幼稚園の頃。なぜかいつも、私にかまってくる男の子がいた。みんなから「よっちゃん」と呼ばれていたその子は、天然パーマでくるくるの髪に、眼鏡をしていて、今思えばお洒落な感じの、賢そうな男の子だった。いつもニコニコした目元は、目が悪いから裸眼の時は一層細くなり、おかめのお面のような、ほにゃ~んとした、可愛い目になるところが好きだったが、クラスメイトからは時々「気持ち悪い!」と言われていた。
ほっぺが重なるくらい近くに来て、「近すぎ!」と言われたよっちゃん
その原因は、彼の他人との距離感にあると4~5歳の子供ながらにして思っていた。コロナ禍において『ソーシャルディスタンス』が叫ばれる現在の子供たちでは怒られるかもしれないぐらい、ほっぺがくっつくぐらいの近い距離に来るので、「よっちゃん、近すぎ!」とクラスメイトに言われているのをよく目にしていた。

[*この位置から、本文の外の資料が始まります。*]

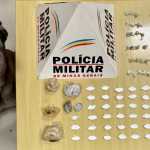 Ponto de tráfico de drogas é desmontado no bairro Esperança, em Ipatinga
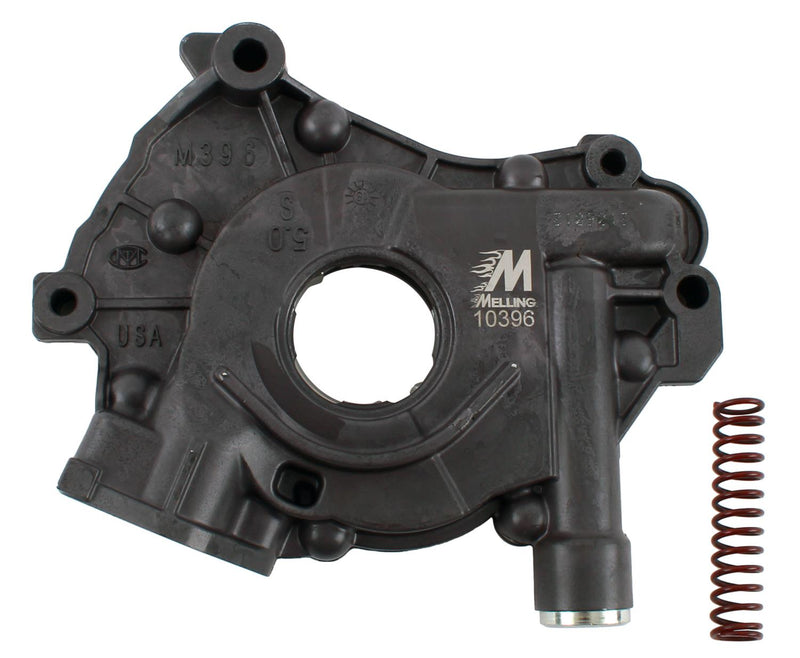 Melling 10396 Performance Oil Pump, High-Pressure - Fits Ford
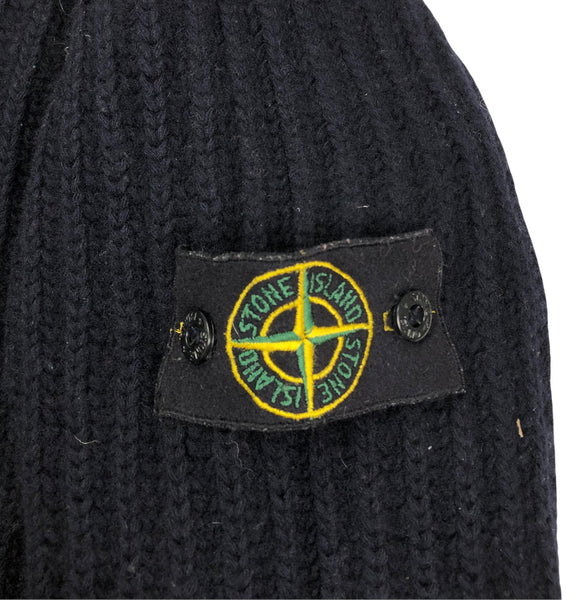 Vintage Stone Island Knit Sweatshirt, Size Small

遊びなどに集中しているとき、ついつい対象に近く寄って行ってしまうのは、子供でも大人でも同じだけれど、それ以外の時にも近いと感じるほどの距離感だった。
私が遊んでいるとき、友達と話しているとき、近くに来て話しかけてくる。内容は、幼稚園生の可愛いたわいのない話だったように思う。別に嫌なことをされたわけでも、なんでもないけれど、毎日のようにかまってくる時期があった。数回なら別に気にしないけれど、それが毎日、1日に何度もという頻度になる頃には、マイペースな私は、自分のペースを乱されることに我慢できなくなっていった。

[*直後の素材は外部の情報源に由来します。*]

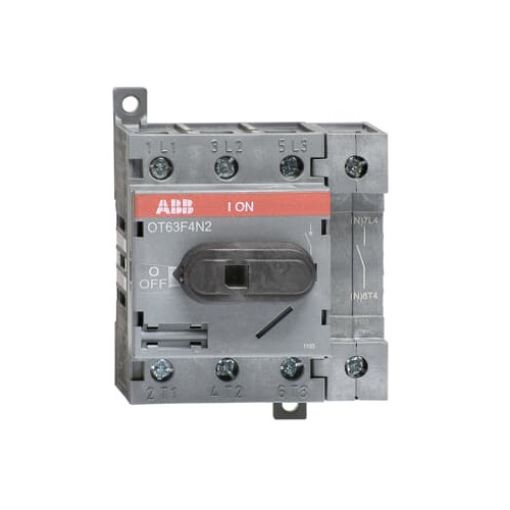 Picture of OT63F4N2 Load Break Switch 4P 63A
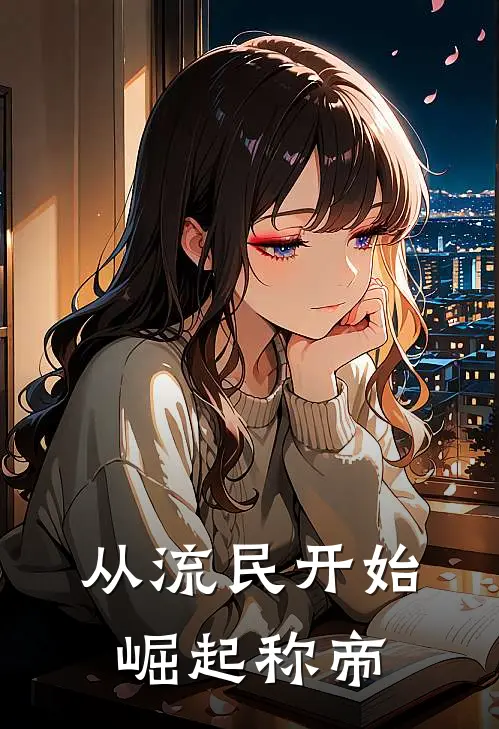 从流民开始崛起称帝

記憶に残りうる、人生初の告白だったかもしれない。私はびっくりして
ある日、クラスで先生のところで、何かをする日があって(幼稚園の頃の出来事なので、詳細は覚えていない)、教室のドアの外にまで子供たちが1列になって自分の順番を待っていた。クラスのみんなが並ぶその列の真ん中あたりで、ドアの近くの、大きな木の積み木が並べてあるところに立っていると、私の横に例のよっちゃんが来た。相変わらず、距離が近い。よっちゃんは自分の番が終わったか、後ろの方で待っていたのか知らないけれど、とにかく私のすぐ側に来て、話し始めた。

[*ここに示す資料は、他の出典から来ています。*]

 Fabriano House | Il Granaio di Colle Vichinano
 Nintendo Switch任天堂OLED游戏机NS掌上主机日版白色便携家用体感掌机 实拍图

その時私は、普段あまり話さないクラスメイトの間に並んでいたので、特に話さず無言で並んでいた。だからよっちゃんがどんどん近寄ってきて、ペラペラ喋っているのを聞いていると、突然「好き」と言われた。記憶に残りうる、人生初の告白だったかもしれない。当時4~5歳だった私は、びっくりして1センチぐらいの距離に迫ったよっちゃんを、両手で思い切り突き飛ばしてしまった。ガシャーン!と大きな音がして、友達が口をぽかんと開けて一部始終を見ていた。あわてて先生が見にくる。突き飛ばされたよっちゃんは、かわいそうに、積み木に後ろ向きで突っ込んで、眼鏡が吹っ飛び、倒れ込んだ。ちょっと離れて欲しくて押したら人1人分ぐらい離れると思ったけれど、幼稚園生の力でも漫画みたいに飛んでいって(子供からしたら結構な距離だと思ったけど、30cmぐらいだったのかも?)大きな積み木というアイテムも相まって、よっちゃんは大ダメージを受けた格闘ゲームのキャラクターのようだった。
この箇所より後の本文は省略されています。